For many years he was the publisher and Managing Director of a number of national Catholic weekly newspapers, including the Catholic Herald in England, the Scottish Catholic Observer in Scotland, and the Irish Catholic in Ireland. He brought an interesting background to Catholic journalism.
He was born in Austria and, at age 10, came to England as refugee with his mother just before World War II. His father, who put his wife and Otto on the Orient Express bound for London just before he died, had been an Austrian army officer and in the first chapters of Otto's autobiography, Holy Smoke, he describes the trials of Catholicism in Austria as it was passing into Nazi control.
Upon arriving in England, Otto was educated by the Benedictines at their school in Herefordshire, Belmont Abbey. After graduating, he worked briefly in accountancy and advertising, before enrolling for a college degree, but lack of funds obliged him to leave after a year. Otto then turned his energy to the theater, joining the Boltons Theatre, the best known of London's theatrical clubs in the 1940s. He worked there in a number of capacities: scene painter, actor of small parts, and eventually as theater manager, becoming at the tender age of 21 the youngest theater manager in London. But financial troubles forced the Boltons Theatre to close in 1950. He then worked for a time in television, helping found the first commercial TV station in England.

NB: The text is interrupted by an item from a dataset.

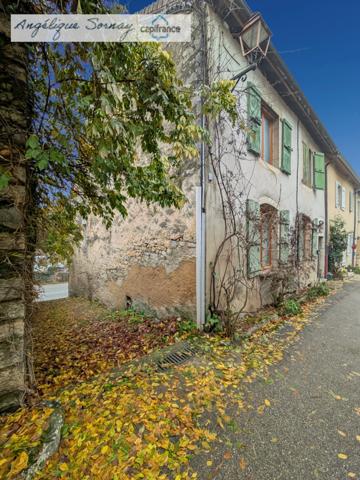 Authentique maison de village avec cave voûtée et combles aménageables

This led him back to the theater where, in 1954 at a fundraising event, he met the chairman for the Catholic Herald who invited him to take over the management of the paper. He protested, saying that he knew nothing about running a newspaper and was told in reply: "That may be a very good start!" He then served as Managing Director of the Catholic Herald for nearly 50 years.
Under his vision and guidance, the Catholic Herald evolved from serving a small, closed constituency within which the purchase of a copy was regarded as an act of piety to become a national and international Catholic weekly that appears on newsstands through the English-speaking world. He recruited talented journalists from the secular press and the Catholic Herald became a feisty and highly sought-after newspaper. As publisher of a number of Catholic newspapers both during and after Vatican II, he was always able to have his newspapers walk that fine tightrope between liberal and conservative ideologies. Invariably his newspapers were considered too liberal for the conservatives and too conservative for the liberals. Not a bad critique.
As a publisher with a very limited budget, Otto was good at spotting talented young journalists, hiring them to edit his newspapers, and then after a few years giving them his fullest blessing as they moved on to more profitable jobs within the secular press. In this way, he helped launch the career of a number of very good young journalists; but it was a win-win situation for both, the aspiring young editors looking to make a start and for the Catholic press who benefited from their talent. During his years in publishing he also developed life-long friendships with leading church people everywhere, including Archbishop Denis Hurley of South Africa and Cardinal Franz Konig of Vienna.
I first met Otto in 1990, when he recruited me to write a column for his newspapers and, in the twenty years since, I have enjoyed a wonderful friendship with him and his wife, Marie. Despite being humble and approachable, he was always a little larger than life. He brought color into a room. He loved life, loved work, deeply loved his wife, and especially loved long, late-night dinners, stoked by good wine, ecclesial talk, banter, humor, and friendship, capped-off with good cigars. Time stopped during these dinners, a glance at your wristwatch was forbidden, and even though you paid a price for it in tiredness the next day, you knew that, during those hours at table together, you were doing what you are supposed to be doing your whole life, just enjoying friendship, love, food, banter, and holy talk together. I will always treasure memories of those dinners in Otto's various clubs, as well as of a couple of all-day drives through the English countryside in mid-summer, car windows wide-open, pipe and cigar smoke wafting about, and Otto's eyes surveying the landscape, checking it out for its beauty and for the possibility of it containing a pub.
No community should botch its deaths! And so it's important to highlight that in Otto Herschan's passing the church and the world lost a true gentleman, a good friend, a man of wit, and man who, like Jesus, tried to draw people of very persuasion together around a common table of friendship and faith.